Segment Start: Entries supplied
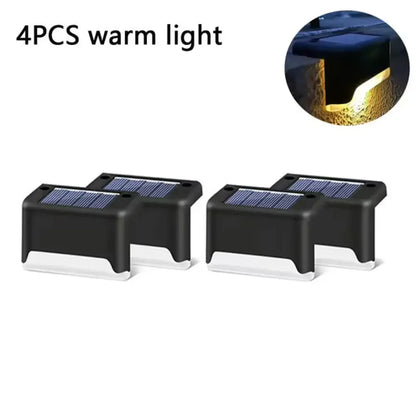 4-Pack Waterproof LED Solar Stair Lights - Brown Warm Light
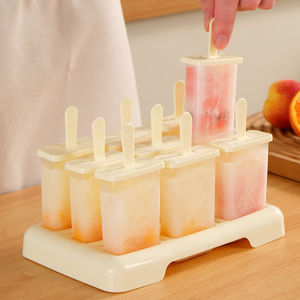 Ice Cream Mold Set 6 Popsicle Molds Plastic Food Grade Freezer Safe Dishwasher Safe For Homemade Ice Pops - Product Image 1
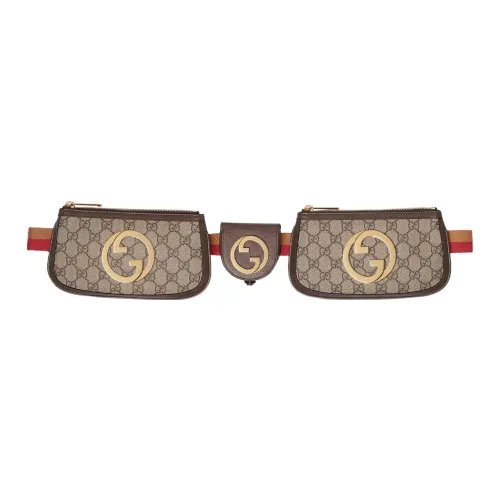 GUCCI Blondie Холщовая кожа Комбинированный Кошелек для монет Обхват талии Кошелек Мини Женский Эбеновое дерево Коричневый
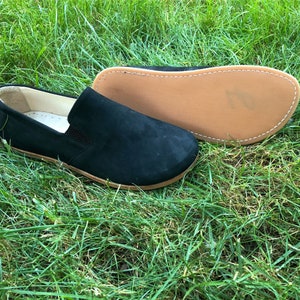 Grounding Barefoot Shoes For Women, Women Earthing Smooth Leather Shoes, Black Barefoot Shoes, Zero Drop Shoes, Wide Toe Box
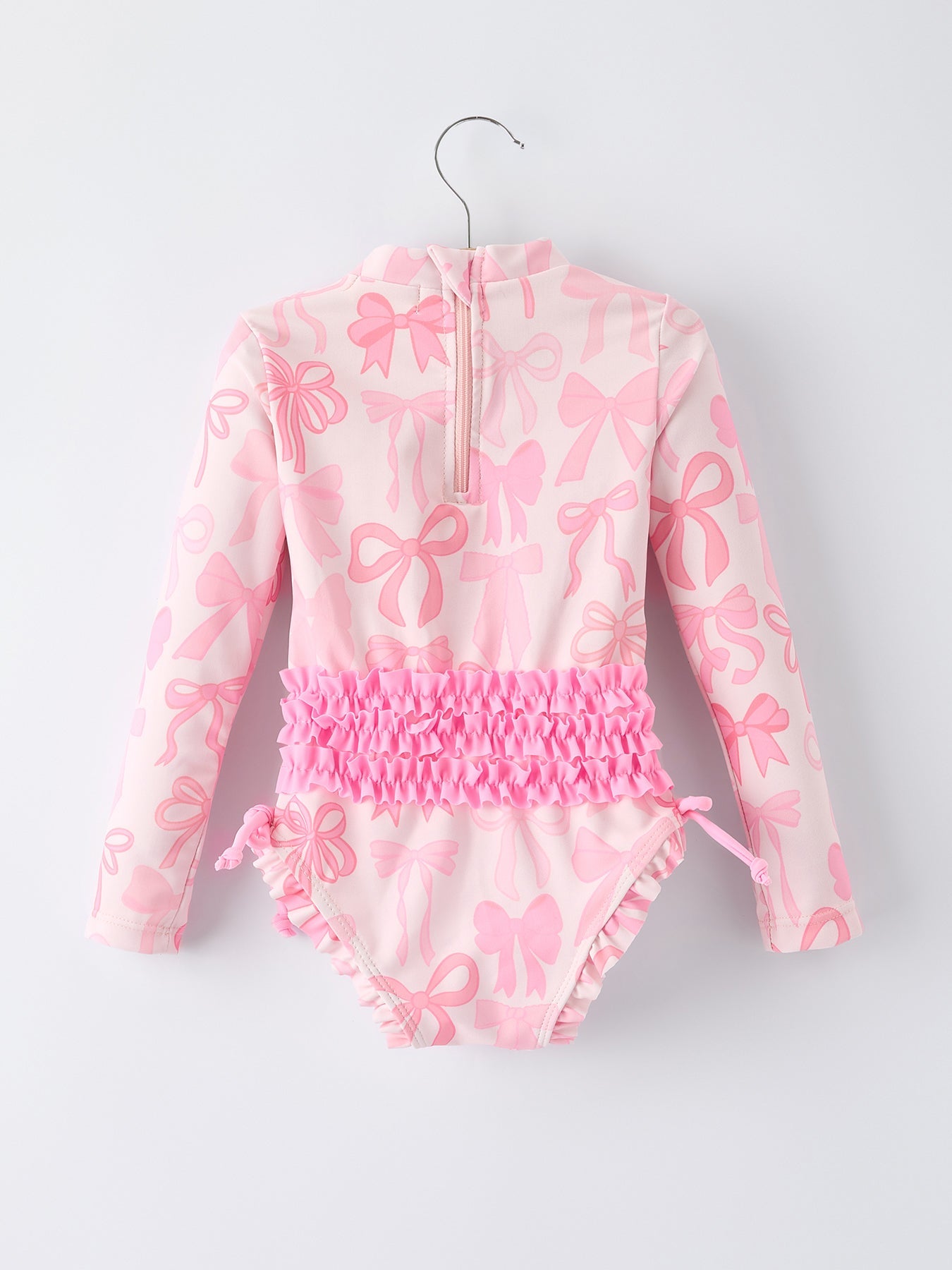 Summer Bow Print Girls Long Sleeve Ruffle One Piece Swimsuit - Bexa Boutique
Segment End: Entries supplied
Segment Start: Entries supplied
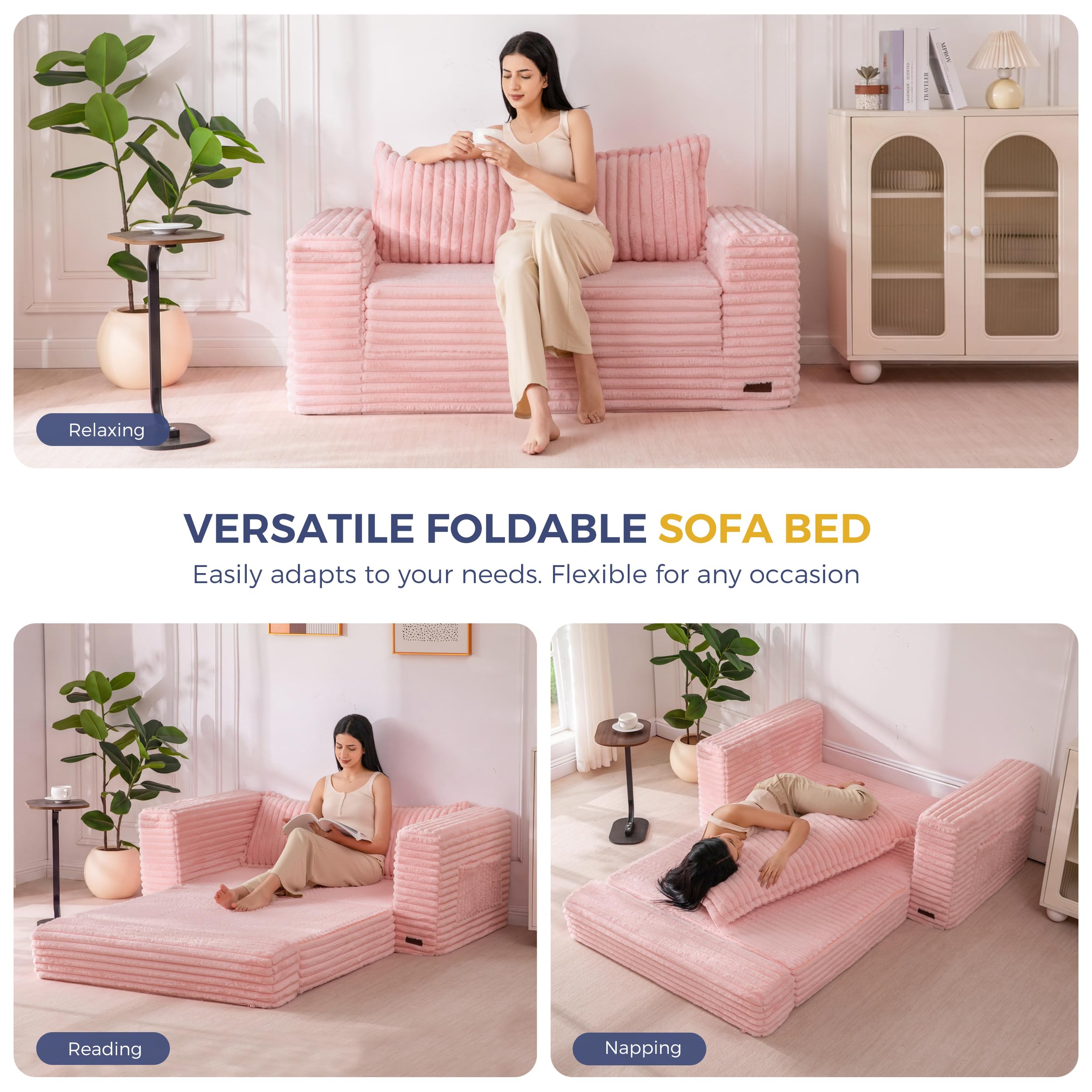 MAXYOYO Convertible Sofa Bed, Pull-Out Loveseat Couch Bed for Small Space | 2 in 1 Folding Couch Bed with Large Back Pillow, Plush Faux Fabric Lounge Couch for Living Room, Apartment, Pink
Segment End: Entries supplied
Task brief - Return word for word the lines of the listing above, starting at the line with "Grounding Barefoot Shoes" and ending at the line with "Summer Bow Print", both included. Pictures do not belong in the copy.

Solution to this problem -
 Grounding Barefoot Shoes For Women, Women Earthing Smooth Leather Shoes, Black Barefoot Shoes, Zero Drop Shoes, Wide Toe Box
 Summer Bow Print Girls Long Sleeve Ruffle One Piece Swimsuit - Bexa Boutique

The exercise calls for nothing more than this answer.